As the output, give exactly the lines that run from the one with "16313_watchlounge_lo.jpg" through the end of the records below, and omit pictures.

Image-text web data
[Start of section]

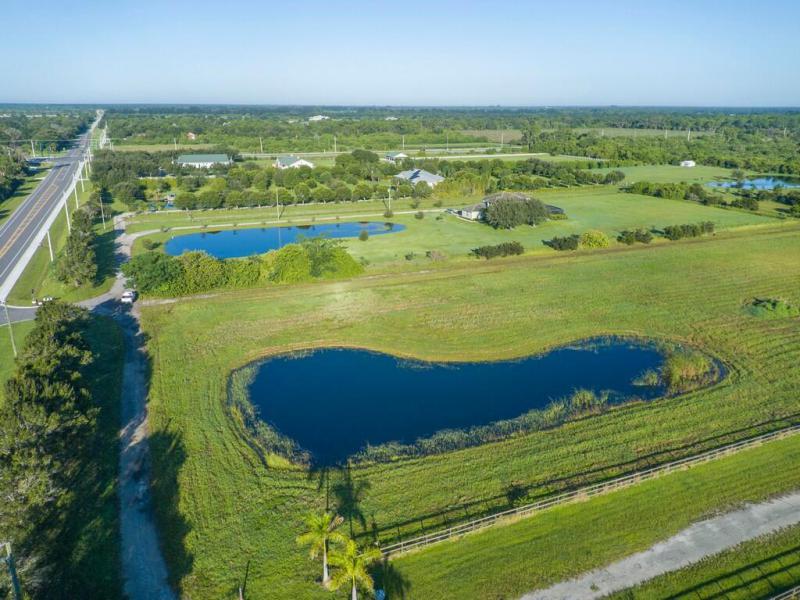  Commercial & Industrial Land Images 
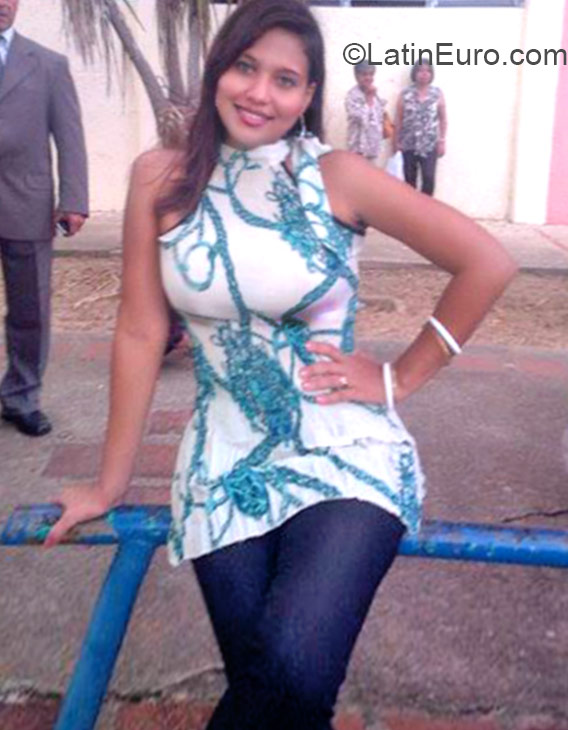 Date this attractive Venezuela girl Isa from Barinas VE388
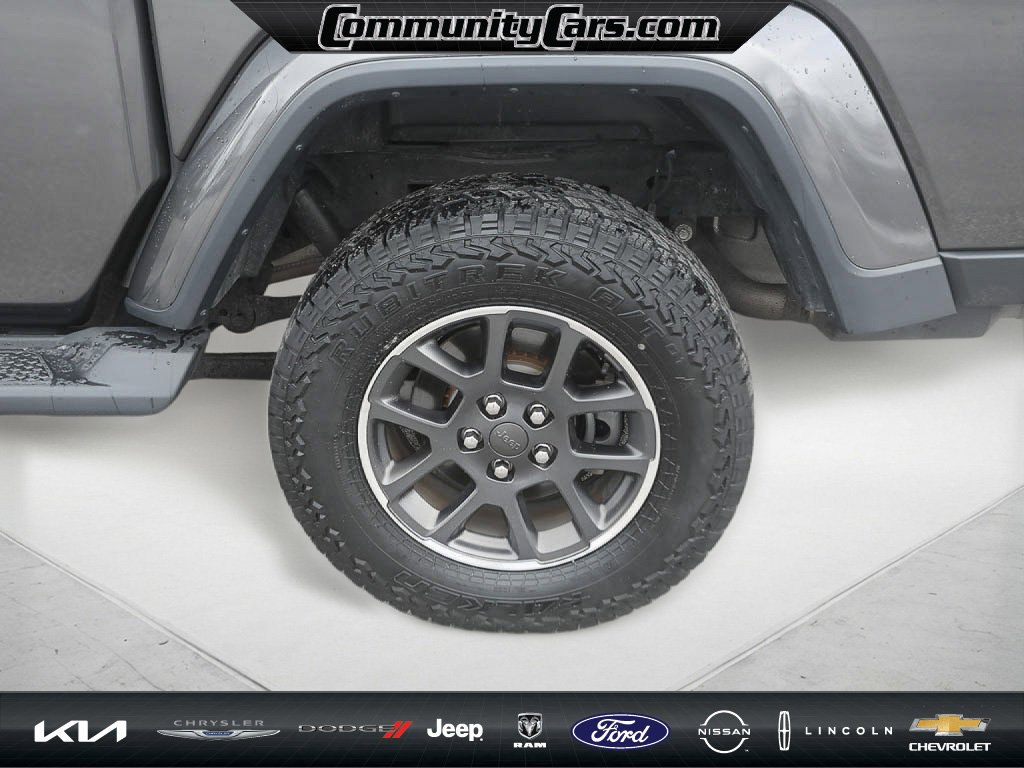Used 2020 Jeep Gladiator Sport image 4
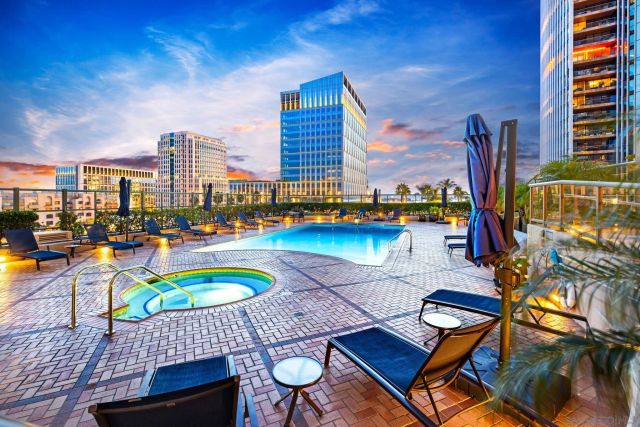 700 W E St 1502, San Diego, CA 92101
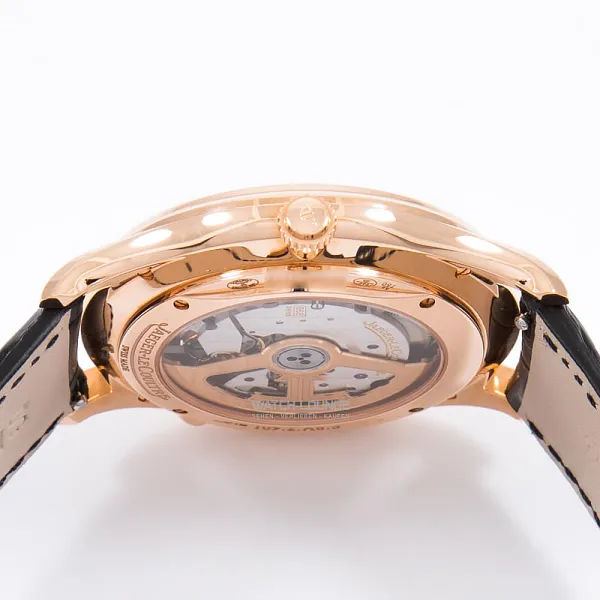 16313_watchlounge_lo.jpg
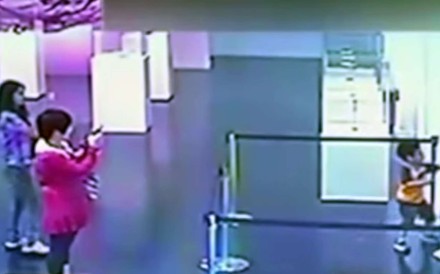 Mothers film their sons vandalise artist Shelly Xue’s creation at Shanghai Museum of Glass. Photo: SCMP Pictures Mothers film their sons vandalise artist Shelly Xue’s creation at Shanghai Museum of Glass. Photo: SCMP Pictures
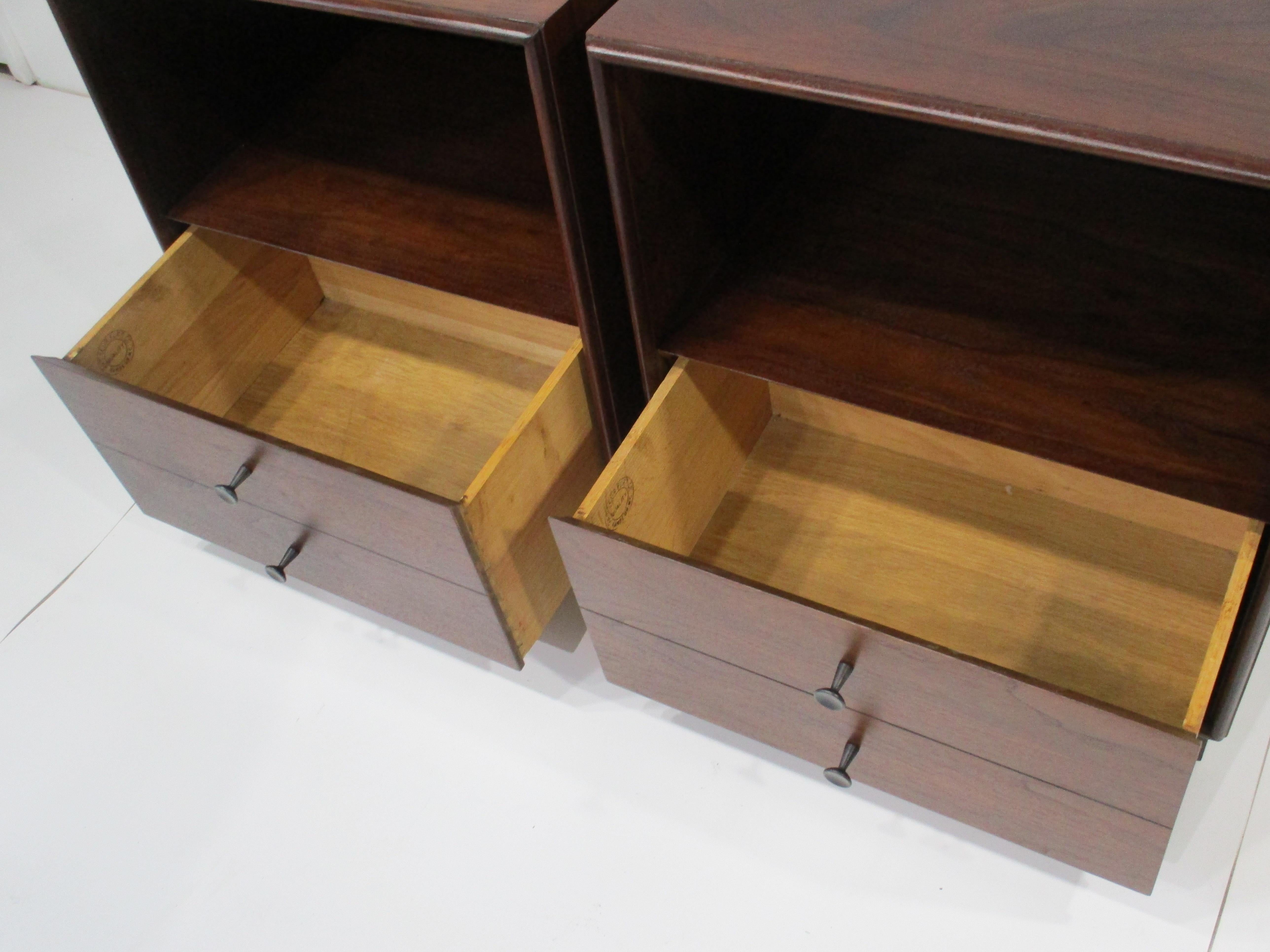 Mesillas de noche Mid Century Nogal Oscuro by Ramseur Furniture siglo XX en venta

[End of section]

> THE COMPLETED TASK:
 16313_watchlounge_lo.jpg
 Mothers film their sons vandalise artist Shelly Xue’s creation at Shanghai Museum of Glass. Photo: SCMP Pictures Mothers film their sons vandalise artist Shelly Xue’s creation at Shanghai Museum of Glass. Photo: SCMP Pictures
 Mesillas de noche Mid Century Nogal Oscuro by Ramseur Furniture siglo XX en venta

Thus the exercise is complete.